Une vigilance requise pour les entreprises non-américaines
Le 12 mai 2025, quelques semaines avant la publication des nouvelles directives FCPA, le DOJ a modifié sa politique en matière de « self-disclosure » afin d’encourager les entreprises à signaler elles-mêmes les violations potentielles du FCPA[9]. A ce titre, le DOJ a notamment annoncé qu’en l’absence de circonstances aggravantes, il pourrait renoncer à poursuivre une entreprise qui se dénonce, renonce à tout profit tiré de la faute et indemnise intégralement toute victime de l’infraction[10].
Dans ce contexte, les entreprises françaises, et plus généralement non américaines, se doivent d’être vigilantes. Elles peuvent bien sûr en amont renforcer leurs programmes de conformité en matière de lutte contre la corruption. Surtout, en cas de détection de potentiels actes de corruption, elles devront évaluer les risques et l’opportunité de coopérer avec le DOJ.

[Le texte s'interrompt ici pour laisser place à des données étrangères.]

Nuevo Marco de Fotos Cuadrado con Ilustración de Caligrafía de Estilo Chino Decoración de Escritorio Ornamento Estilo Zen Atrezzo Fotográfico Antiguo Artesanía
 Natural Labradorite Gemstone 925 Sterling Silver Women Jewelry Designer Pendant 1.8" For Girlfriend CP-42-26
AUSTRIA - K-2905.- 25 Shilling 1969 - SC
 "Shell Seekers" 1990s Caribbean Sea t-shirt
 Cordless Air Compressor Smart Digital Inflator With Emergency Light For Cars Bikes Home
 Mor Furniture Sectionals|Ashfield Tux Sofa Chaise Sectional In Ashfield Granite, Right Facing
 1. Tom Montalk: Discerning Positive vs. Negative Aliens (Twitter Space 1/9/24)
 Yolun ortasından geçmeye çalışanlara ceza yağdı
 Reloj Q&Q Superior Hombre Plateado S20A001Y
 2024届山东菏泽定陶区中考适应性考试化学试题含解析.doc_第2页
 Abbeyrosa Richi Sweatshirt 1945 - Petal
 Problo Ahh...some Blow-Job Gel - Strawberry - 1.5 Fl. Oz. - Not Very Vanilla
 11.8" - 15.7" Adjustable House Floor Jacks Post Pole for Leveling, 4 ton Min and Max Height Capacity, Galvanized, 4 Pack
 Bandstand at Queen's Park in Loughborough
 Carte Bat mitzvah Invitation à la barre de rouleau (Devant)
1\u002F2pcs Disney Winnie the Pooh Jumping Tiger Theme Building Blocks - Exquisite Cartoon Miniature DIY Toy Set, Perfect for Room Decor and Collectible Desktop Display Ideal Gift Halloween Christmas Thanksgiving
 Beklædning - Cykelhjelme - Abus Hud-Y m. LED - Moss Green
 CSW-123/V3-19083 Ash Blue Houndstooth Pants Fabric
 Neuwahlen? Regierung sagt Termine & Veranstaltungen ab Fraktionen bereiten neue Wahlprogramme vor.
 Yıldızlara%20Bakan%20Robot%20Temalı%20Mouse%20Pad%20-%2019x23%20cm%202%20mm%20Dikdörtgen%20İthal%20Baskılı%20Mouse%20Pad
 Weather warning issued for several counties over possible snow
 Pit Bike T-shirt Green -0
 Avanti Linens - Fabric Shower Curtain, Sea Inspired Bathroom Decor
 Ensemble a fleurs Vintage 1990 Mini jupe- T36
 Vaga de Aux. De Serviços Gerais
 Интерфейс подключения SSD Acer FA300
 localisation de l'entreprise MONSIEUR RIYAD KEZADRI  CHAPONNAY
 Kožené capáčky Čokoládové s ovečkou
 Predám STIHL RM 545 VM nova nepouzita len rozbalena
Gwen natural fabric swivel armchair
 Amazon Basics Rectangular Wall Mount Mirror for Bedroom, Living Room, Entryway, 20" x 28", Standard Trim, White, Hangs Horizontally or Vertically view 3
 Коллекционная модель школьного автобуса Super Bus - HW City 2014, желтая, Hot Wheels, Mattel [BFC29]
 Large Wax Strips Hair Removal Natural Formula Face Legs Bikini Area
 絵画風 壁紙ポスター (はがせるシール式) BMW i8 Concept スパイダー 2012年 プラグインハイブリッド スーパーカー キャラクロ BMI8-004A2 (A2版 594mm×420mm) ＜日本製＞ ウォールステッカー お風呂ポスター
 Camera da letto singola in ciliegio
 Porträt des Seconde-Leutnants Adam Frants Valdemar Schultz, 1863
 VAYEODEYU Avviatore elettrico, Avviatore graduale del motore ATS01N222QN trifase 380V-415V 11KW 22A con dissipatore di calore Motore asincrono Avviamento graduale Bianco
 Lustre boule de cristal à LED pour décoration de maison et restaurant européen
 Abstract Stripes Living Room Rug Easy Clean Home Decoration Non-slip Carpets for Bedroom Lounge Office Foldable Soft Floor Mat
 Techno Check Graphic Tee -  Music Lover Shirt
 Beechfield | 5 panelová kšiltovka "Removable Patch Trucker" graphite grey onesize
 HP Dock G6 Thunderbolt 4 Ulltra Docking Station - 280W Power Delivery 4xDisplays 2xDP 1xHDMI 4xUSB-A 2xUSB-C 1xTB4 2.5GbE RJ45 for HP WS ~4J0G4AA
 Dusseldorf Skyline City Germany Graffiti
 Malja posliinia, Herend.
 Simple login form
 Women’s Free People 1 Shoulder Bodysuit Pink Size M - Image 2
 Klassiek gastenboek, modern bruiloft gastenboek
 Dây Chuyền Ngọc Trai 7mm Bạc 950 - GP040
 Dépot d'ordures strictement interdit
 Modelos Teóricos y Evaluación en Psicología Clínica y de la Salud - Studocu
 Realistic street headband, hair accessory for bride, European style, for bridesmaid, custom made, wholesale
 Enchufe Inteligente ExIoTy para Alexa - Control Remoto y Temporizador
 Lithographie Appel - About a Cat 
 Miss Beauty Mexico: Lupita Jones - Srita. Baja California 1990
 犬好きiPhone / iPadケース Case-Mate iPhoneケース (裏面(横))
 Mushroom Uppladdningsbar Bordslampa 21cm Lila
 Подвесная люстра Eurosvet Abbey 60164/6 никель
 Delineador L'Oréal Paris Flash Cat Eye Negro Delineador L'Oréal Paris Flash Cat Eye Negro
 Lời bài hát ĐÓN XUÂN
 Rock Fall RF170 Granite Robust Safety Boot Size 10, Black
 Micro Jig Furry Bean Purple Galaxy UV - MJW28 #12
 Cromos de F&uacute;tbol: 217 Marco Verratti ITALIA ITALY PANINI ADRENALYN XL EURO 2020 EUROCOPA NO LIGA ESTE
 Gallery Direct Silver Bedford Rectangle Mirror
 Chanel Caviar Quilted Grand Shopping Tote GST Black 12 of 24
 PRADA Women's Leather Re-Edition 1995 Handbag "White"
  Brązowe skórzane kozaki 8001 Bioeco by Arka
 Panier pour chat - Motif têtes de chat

[1] “Executive Order 14209” du 10 février 2025, “Pausing Foreign Corrupt Practices Act Enforcement To Further American Economic and National Security”.
[2] « Attorney General ».
[3] « Deputy Attorney General ».
[4] Memorandum du 9 juin 2025 « Guidelines for Investigations and Enforcement of the Foreign Corrupt Practices Act (FCPA) », U.S. Department of Justice, Deputy Attorney General.
[5] “any means or instrumentality of U.S. interstate commerce”.
[6] Acte d’accusation, États-Unis c. Rovirosa, n° 4:25-cr-00415 (S.D. Tex. 6 août 2025), ECF n° 1.
[7] Voir United States v. Glencore Int’l A.G., n° 1:22-cr-00297-LGS (S.D.N.Y. 27 février 2023) (Opinion and Order), ECF n° 38.
[8] Voir le communiqué de presse du DOJ du 7 mars 2019 intitulé « Mobile Telesystems Pjsc and Its Uzbek Subsidiary Enter into Resolutions of $850 Million with the Department of Justice for Paying Bribes in Uzbekistan ».
[9] Memorandum du 12 mai 2025 « Focus, Fairness, and Efficiency in the Fight Against White-Collar Crime », U.S. Department of Justice, Office of the Assistant Attorney General.
[10] Justice Manual § 9-47.120, Criminal Division Corporate Enforcement and Voluntary Self-Disclosure Policy.